David Smith: I am not sure I would agree with that. The statistics already show that the majority of tenancies end at tenants’ requests, not because the landlord wants to sell. Increasingly, the sector’s structure, even among smaller landlords, is changing. Landlords are often now increasingly selling with tenants in place to other landlords. Some of this is the buy-to-let sector in England and Wales growing up and perhaps becoming more like some of the buy-to-let sector abroad. Our view remains that one of the reasons that we tend to have many 12-month looped tenancies is that it has grown up that way through influences from the opposite side of the equation, from mortgage company pressure, from long lease pressure and from lettings agency pressure. At the moment, landlords are very linked to six-month or 12-month block tenancies. There is very little other discussion about term in the market. If we can break out of that cycle, we feel that would do a lot to change the dynamic.

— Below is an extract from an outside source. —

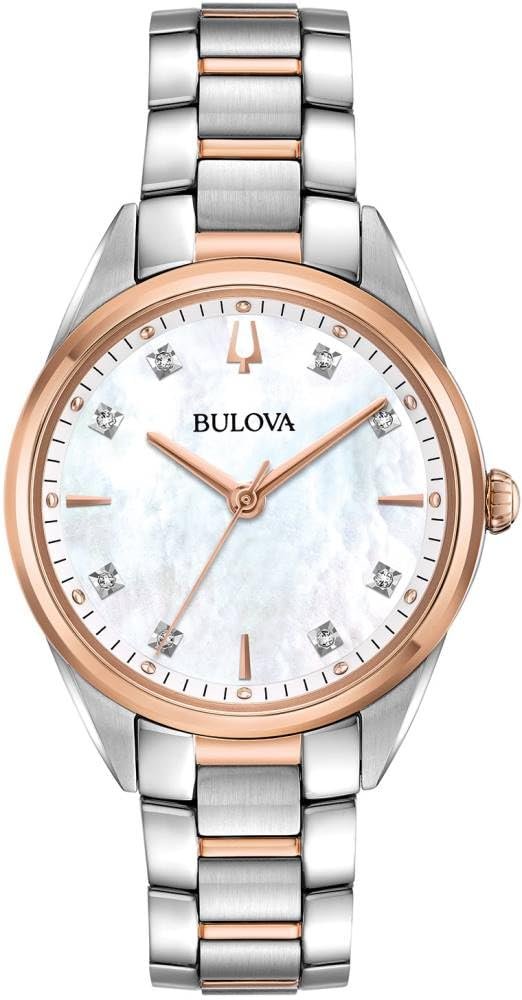Женские аналоговые часы Bulova 98P183, браслет из нержавеющей стали, фото №1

David Cox: I would agree with that, and at the same time with what the Minister said about looking at other countries. We hear a lot that we should look to Germany and France and their tenancy models. However, in relation to our tenancy model, that is comparing apples with pears. We have to factor in that in places such as Germany, they have indefinite tenancies but it is the tenant’s responsibility to maintain the property during those tenancies, and many do not come with kitchens and bathrooms. Here, the obligation is entirely on us as the landlords to maintain the properties and the goods inside the properties, whereas in Germany and France it is the tenant’s responsibility. We also have to factor in that they have a much more mature rental market. They have many more institutional investors. In Germany and France, the vast majority of the private rented stock is owned by institutional companies, whereas ours is owned predominantly by the “mama and papa” landlord.

It is also still a relatively new market. Looking back 100 years ago, 90% of the UK’s stock was in the private rented sector. By the time we had regulatory liberalisation under the Housing Act 1988, that had shrunk to less than 7% of the sector. It has only grown back to the size that it is today with that regulatory liberalisation, particularly the ability to use section 21 of the Housing Act, coupled in 1996 with the introduction of the buy-to-let mortgage, which provided a financing vehicle to allow people to start investing in property in the UK.

We need much more investment in property. There is a chronic housing shortage in the UK at the moment. The Government estimate that for every house built, two new households are created, therefore the level of housebuilding is not at a sustainable level. The only way we are going to get rents under control, get house prices under control, particularly in places like London, is by a massive house building programme.